Fuente: EL CRONISTA (excelente artículo!)
“El dinero no da la felicidad pero procura una sensación tan parecida que se necesita un especialista para verificar la diferencia”, dijo alguna vez Woody Allen. La cuestión es tan antigua como el dinero mismo. Y tan polémica como misteriosa es la fórmula para ser felices. Quizás por eso muchos prefirieron zanjar la discusión con el argumento irrefutable del humor. “La felicidad, hijo mío, está hecha de pequeños cosas: un pequeño yate, una pequeña mansión, una pequeña fortuna”, bromeaba Groucho Marx.
La pregunta por la felicidad no tiene tiempo. Es ese anhelo sin nombre que todo lo abarca. Pero buscamos la felicidad como los borrachos que buscan su casa sabiendo que tienen una. Y en ese laberinto, el dinero muchas veces puede aparecer como el mapa para el desorientado o, incluso, la trampa para el perezoso.
En eso la ciencia ha venido a aportar algunas pruebas más bien antipáticas. Porque guste o no reconocerlo, parece ser que el dinero sí altera nuestras percepciones y moldea nuestras experiencias. Un estudio publicado en 2008 en el “Proceedings of the National Academy of Sciences”, midió el nivel de actividad cerebral mientras una serie de personas bebía vino.

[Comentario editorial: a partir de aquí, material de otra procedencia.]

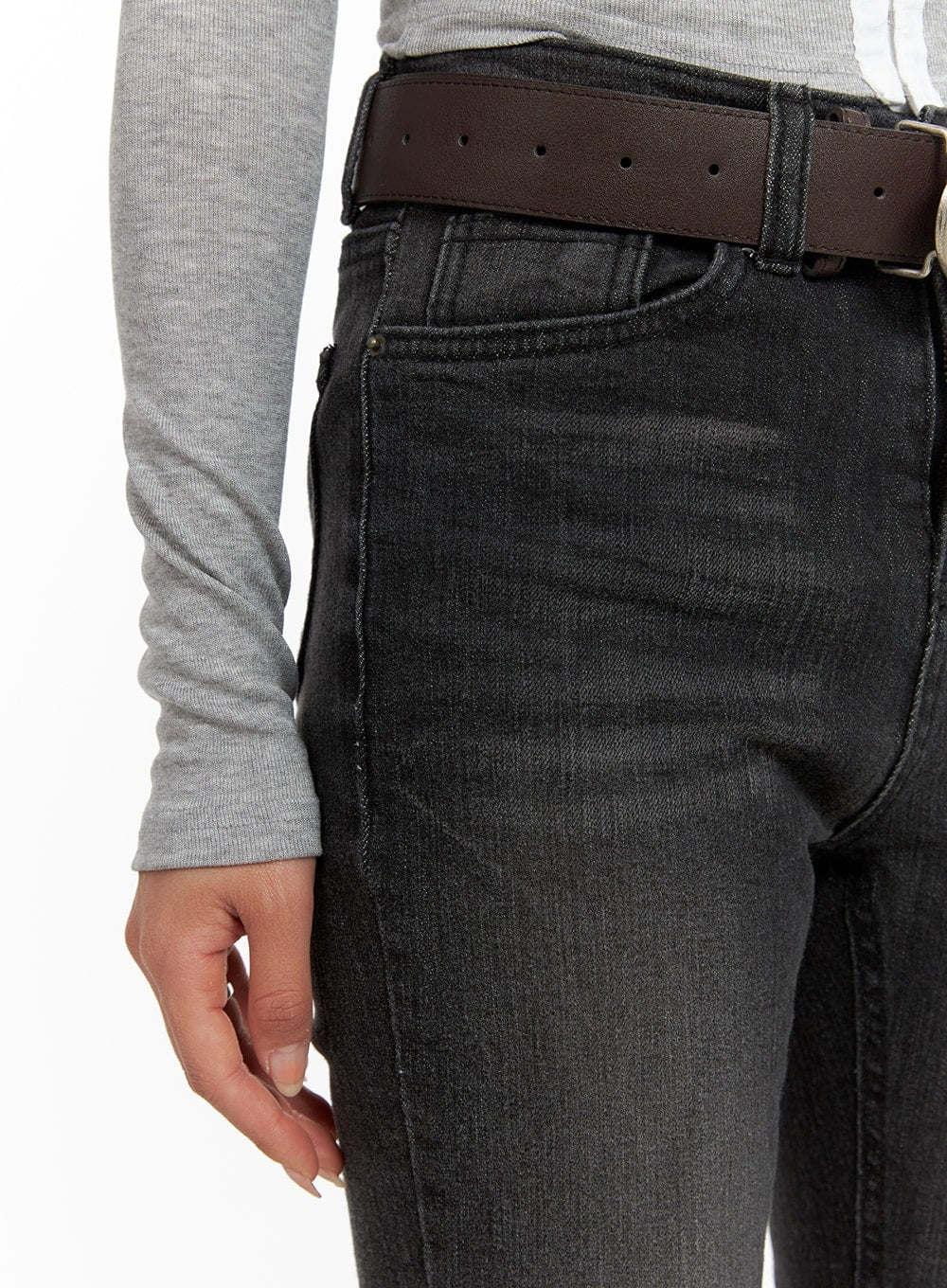 Slim Washed Denim Bootcut Jeans CA403 in black, waist close-up on model, washed cotton-spandex denim with front pocket stitching and brown leather belt detail.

Las regiones del cerebro ligadas al registro del placer se mostraron mucho más activas cuando el vino era identificado como caro. Para el grupo expuesto al producto presentado como barato, la experiencia fue mucho menos placentera. El remate para los incrédulos es que, en realidad, en ambos casos se trataba exactamente de la misma botella. Dinero y disfrute, después de todo, sí parecen tener algún parentesco.
Claro que nadie propone embarcarse en una carrera materialista que lo deje a uno en la meta tan desgraciado como en la largada. Uno de los estudios más recientes, publicado este año por profesores de la Universidad de Rochester en “The Journal of Research in Personality”, mostró que las personas excesivamente enfocadas en “metas extrínsecas” (fama, fortuna, imagen) no reportan -aún cuando hayan alcanzado sus objetivos- un mayor nivel de plenitud.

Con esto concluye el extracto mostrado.